Term Vector
What it is
A term vector is a stored per-document summary of what the analysis chain produced for a field. For each document, it records:
- Which terms appeared (the term text after analysis)
- The frequency of each term in that document
- Optionally: the position of each occurrence and the character offsets in the original string
Term vectors are the closest thing to a stored forward index in Lucene. They make it possible to inspect the analysed content of a specific document — answering “what terms does document D42 contain?” without scanning the entire inverted index.
How it works
Term vectors are enabled per-field in the schema:
"body": {
"type": "text",
"term_vector": "with_positions_offsets"
}
Options:
| Setting | Stores |
|---|---|
no |
Nothing (default) |
yes |
Terms and frequencies only |
with_positions |
Terms, frequencies, and token positions |
with_offsets |
Terms, frequencies, and character offsets |
with_positions_offsets |
All of the above |
At index time, the term vector for each document is written to a .tvx / .tvd file in the Lucene segment. Retrieval is by document ID.
In Elasticsearch, term vectors for a document can be retrieved via the _termvectors API:
GET /my-index/_termvectors/42?fields=body
This returns each term, its frequency, and positions/offsets if stored.

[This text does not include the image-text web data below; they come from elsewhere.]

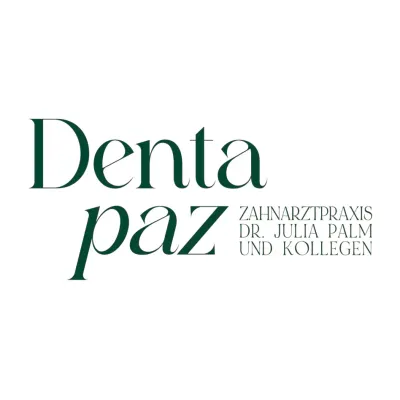 Dr. Karl Peter Beier und Dr. Julia Palm GbR
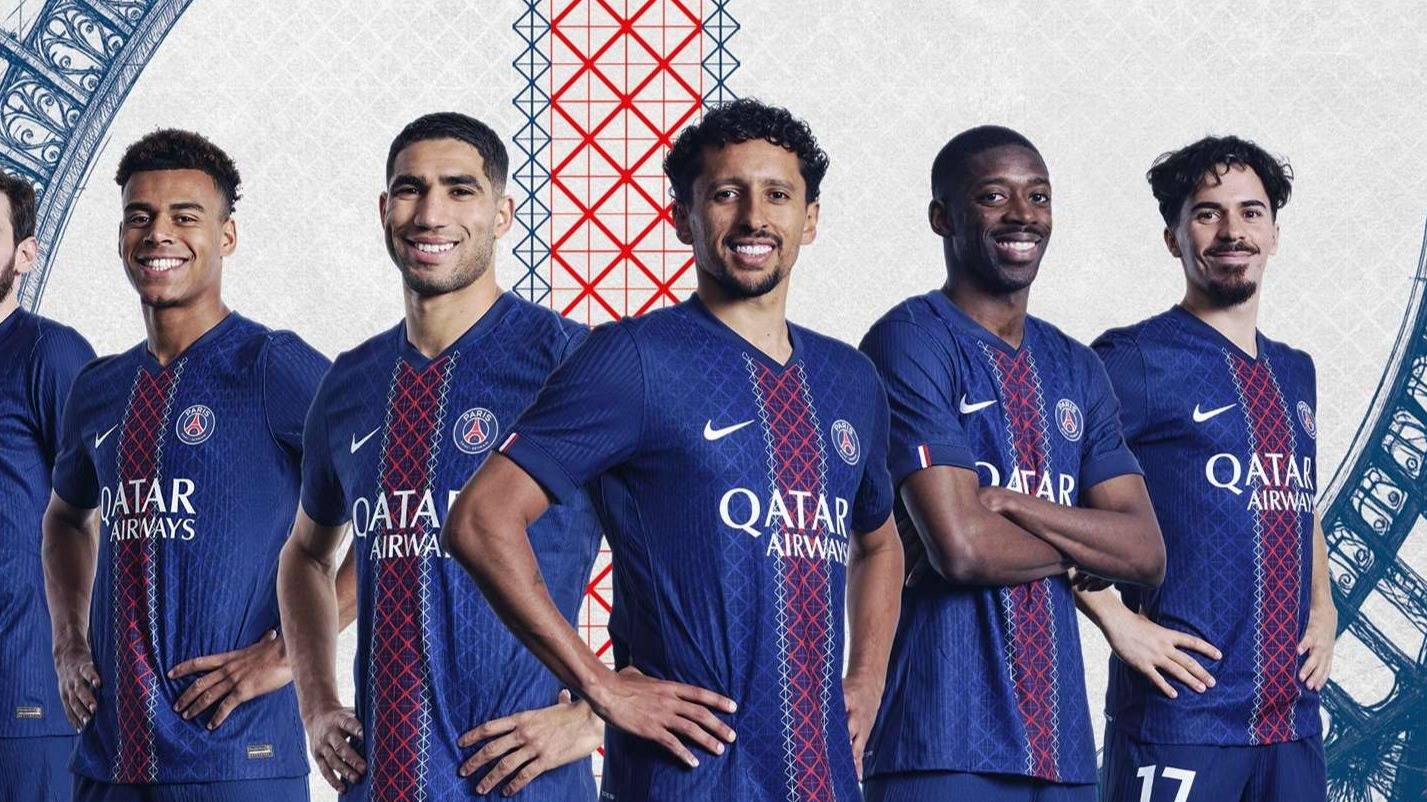 邮报：利马尚未准备好回归；奥纳纳预计对紫百合时复出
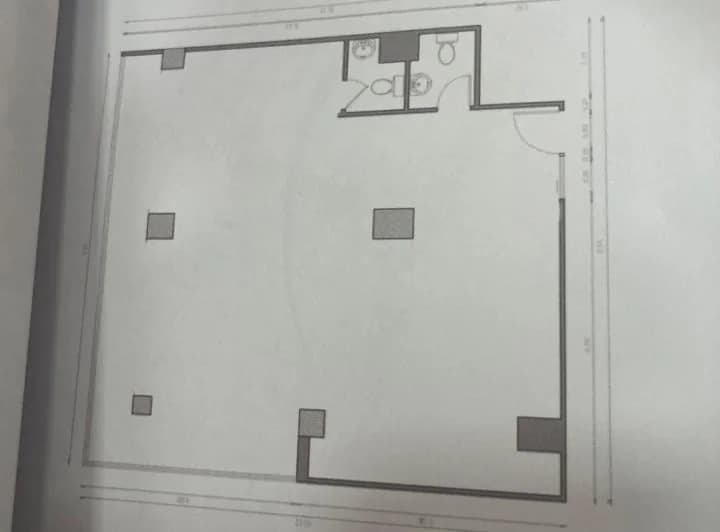 Local comercial en venta en Guayaquil, Guayas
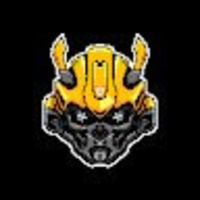 StackShare profile picture for @angelo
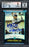 Ichiro Suzuki Autographed 2001 Bowman Chrome Rookie Card #351A Seattle Mariners BGS 9 Auto Grade Mint 9 "01 ROY/MVP" Beckett BAS #14323817 - RSA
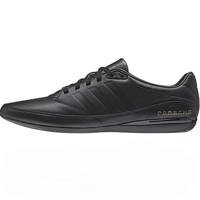 کفش راحتی مردانه آدیداس مدل Porsche Typ 64 2.0 Adidas Porsche Typ 64 2.0 Casual Shoes For Men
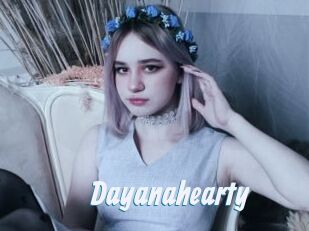 Dayanahearty
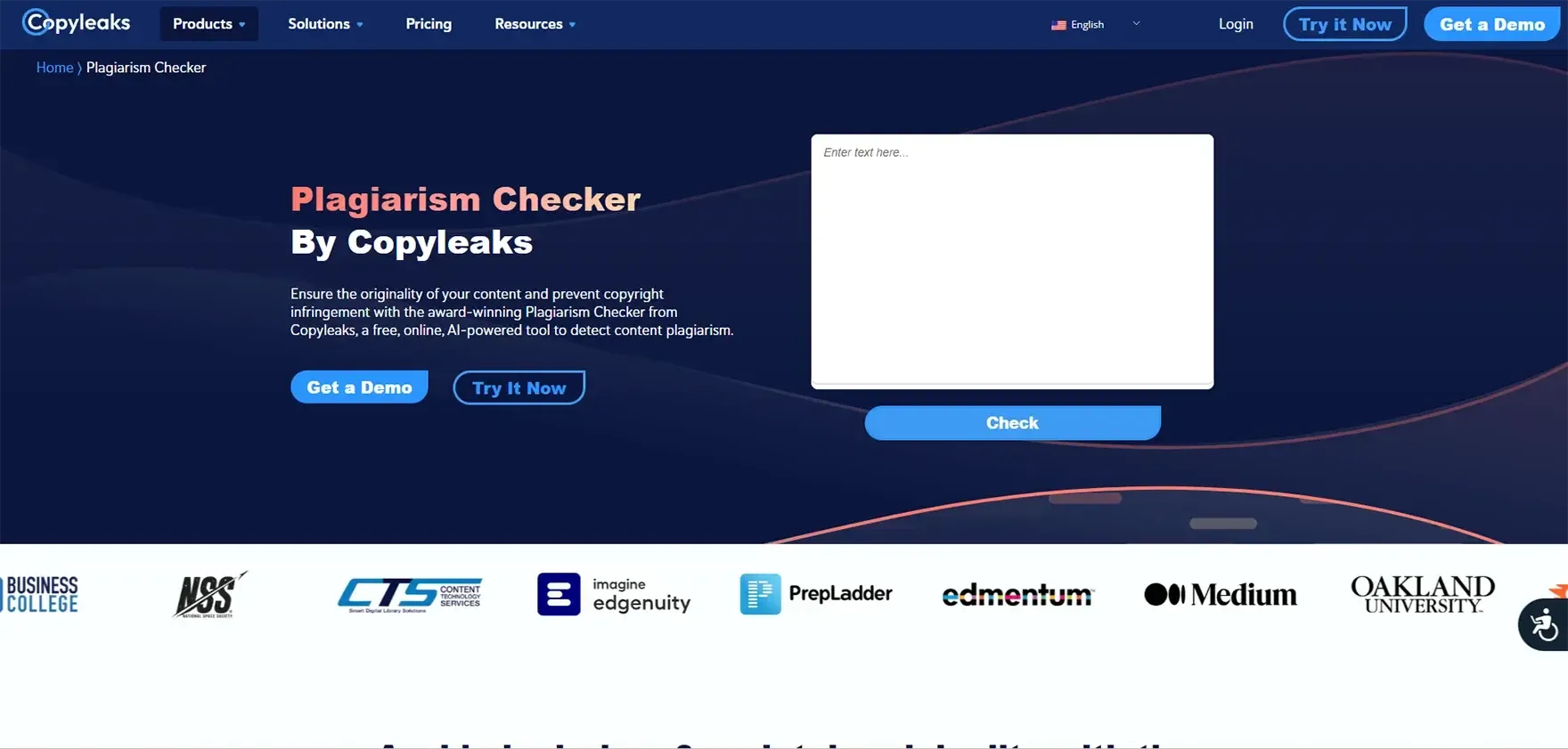 Copyleaks_12_5bec3a9442.webp Copyleaks_12_5bec3a9442.webp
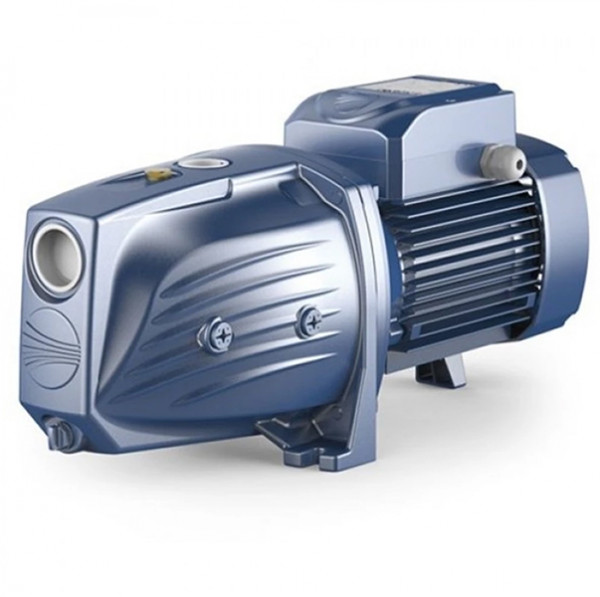 Pedrollo JSWm /3BL - Self-priming centrifugal pump - 230 volt
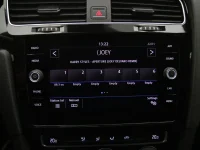 Volkswagen Golf 1.5 110kW thumbnail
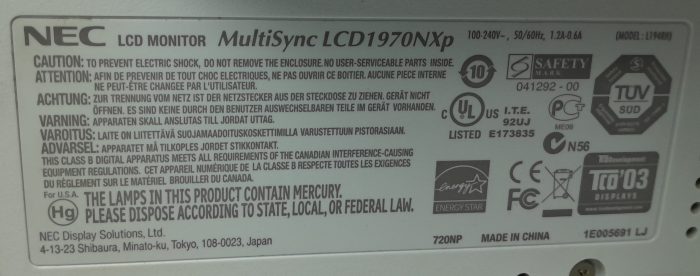 Nec__Multisync_Lcd1970nxp_6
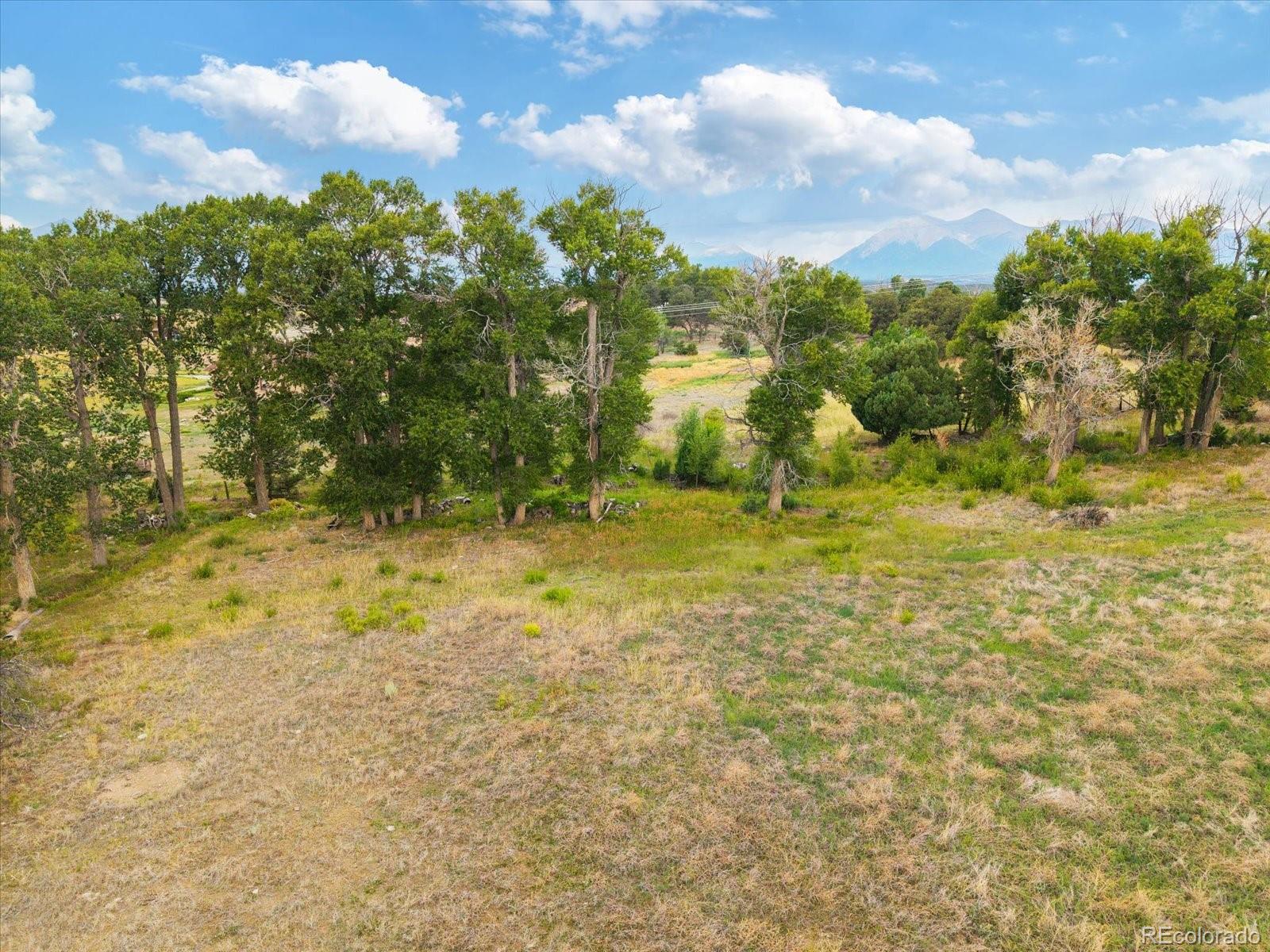 8463 Freedom Circle Salida, CO 81201 - Photo 8 of 8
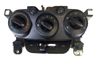 Air conditioner control unit module DF7161190B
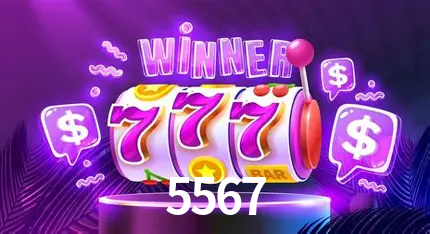 Descubra a Magia dos Jogos de Arcade no 5567
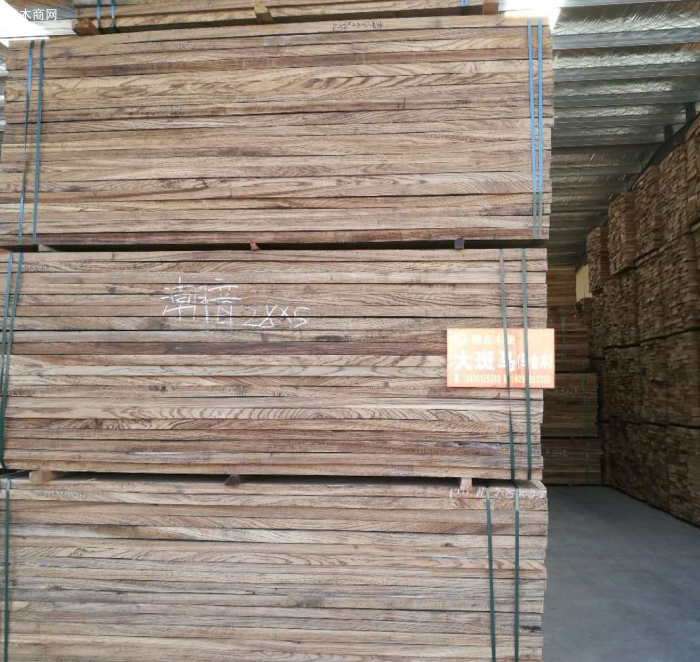 大斑马木材价格行情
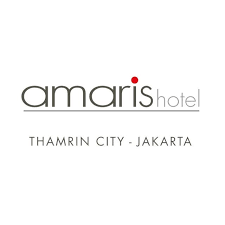 Hotel Amaris Thamrin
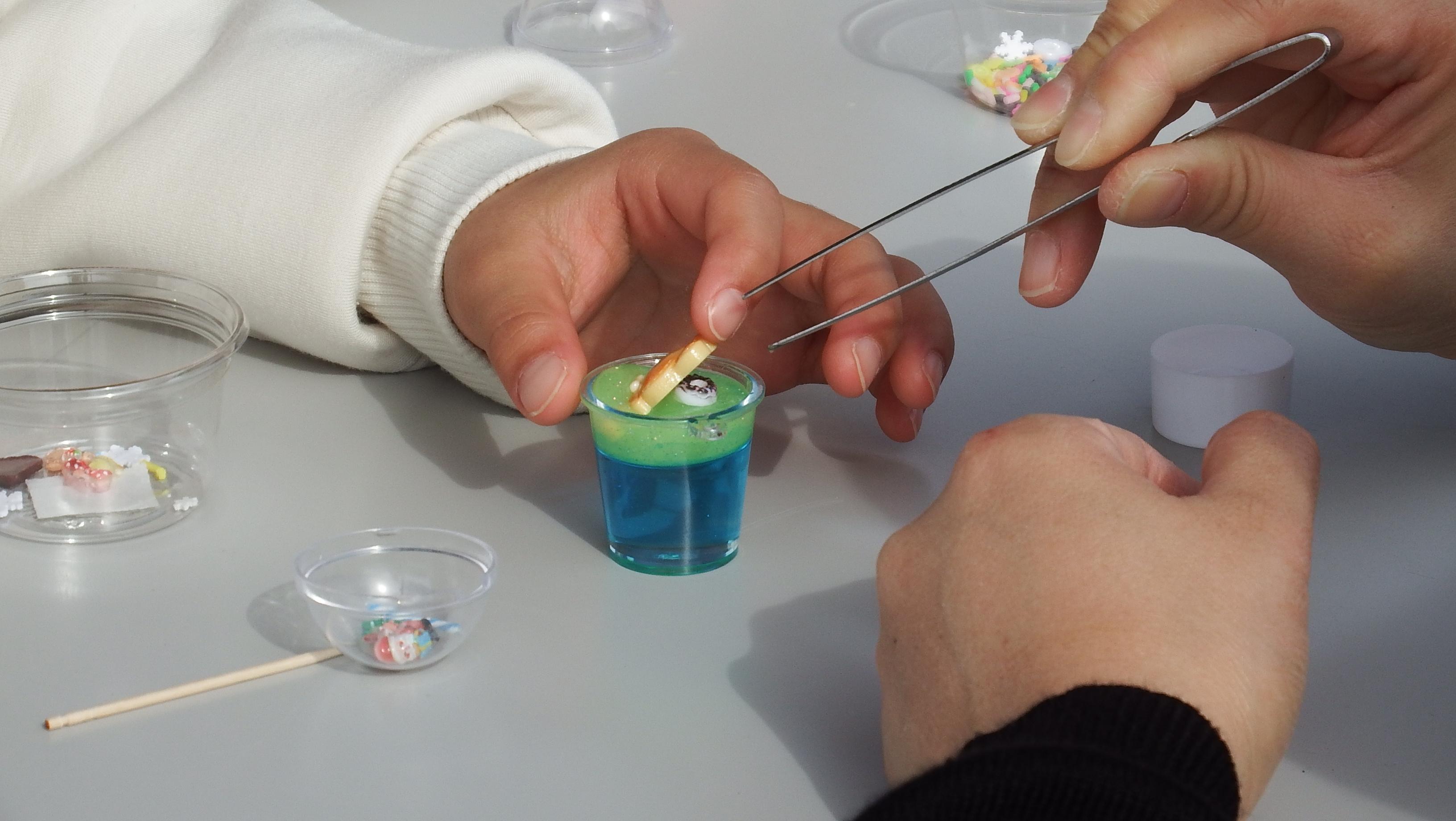 こはる様写真 こはる様写真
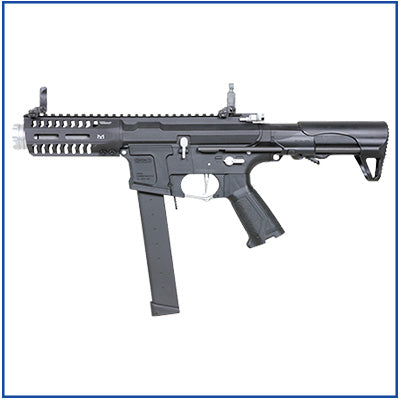 G&G ARP-9 AEG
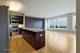 33 W Ontario Unit 46F, Chicago, IL 60654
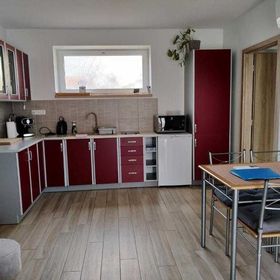 Apartmán Pod Lípou v Jaroměři Jaroměř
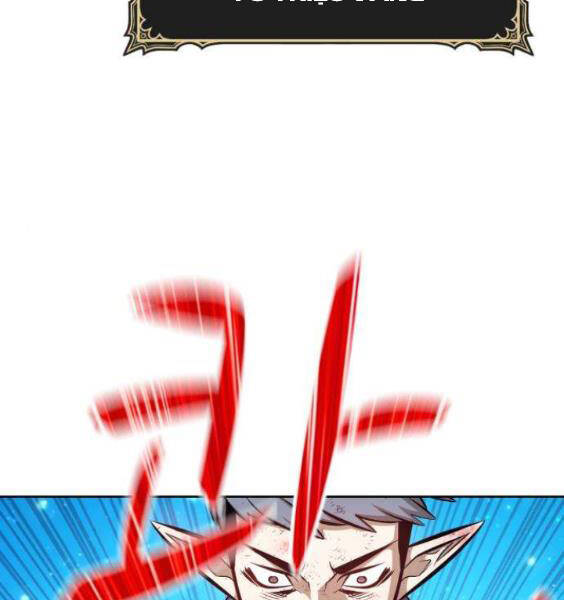 Gậy Gỗ Cấp 99+ - Chương 3.1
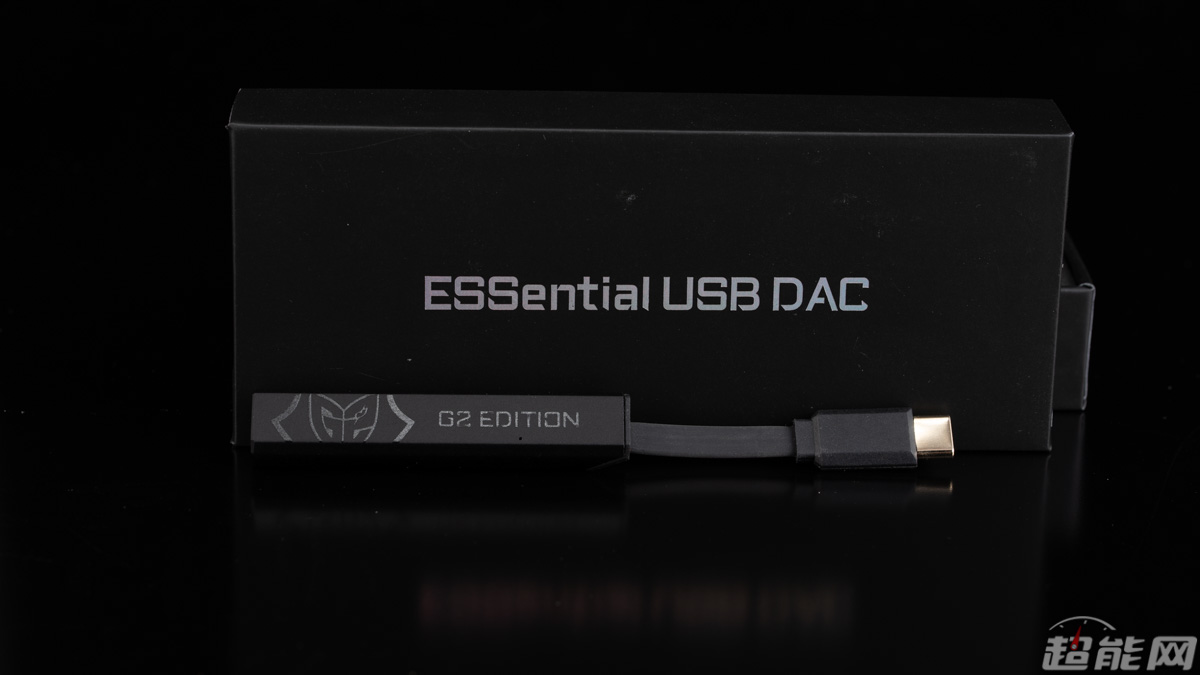 技嘉z490gamingx主板评测,技嘉z490aorusmaster详细评测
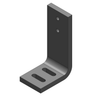 Naams Asa3085 Switch Adaptor Bracket - Tech Rim Standards, LLC
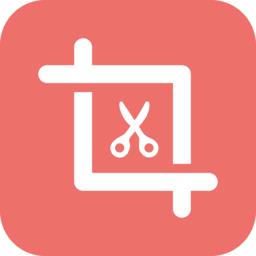 利来截图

[illustrate: a document “The quick brown fox” with its term vector shown — a table with columns: term, frequency, positions, start_offset, end_offset — rows: “brown”(1, [2], 10, 15), “fox”(1, [3], 16, 19), “quick”(1, [1], 4, 9), “the”(1, [0], 0, 3)]
Example
Document D1: "the cat sat on the cat"
Term vector (with positions):
| Term | Freq | Positions |
|---|---|---|
| cat | 2 | [1, 5] |
| on | 1 | [3] |
| sat | 1 | [2] |
| the | 2 | [0, 4] |
This supports:
- Highlighting — character offsets pinpoint where to insert
<em>tags in the original string. - More Like This — high-frequency terms are extracted from the term vector to form a similarity query.
Variants and history
Term vectors have been part of Lucene since early versions. They were the primary mechanism for highlighting before the introduction of the Unified Highlighter (which can reconstruct term positions from the inverted index directly, without requiring stored term vectors).
Real-time term vectors — Elasticsearch supports fetching term vectors at request time, even for fields not configured with stored term vectors. The engine re-analyses the field value on the fly. This is useful for debugging analysis without reindexing.
When to use it
Enable term vectors (with_positions_offsets) when:
- Using the Fast Vector Highlighter — Elasticsearch’s FVH requires stored term vectors; it is faster than the plain highlighter for large fields.
- Implementing More Like This — the
_termvectorsAPI feeds the MLT query with the most representative terms. - Debugging analysis — use
_termvectorsto verify what the index-time analyzer actually produced for a specific document.
Avoid enabling term vectors on fields where they are not needed — they add non-trivial storage overhead (typically 30–50% of the inverted index size for with_positions_offsets).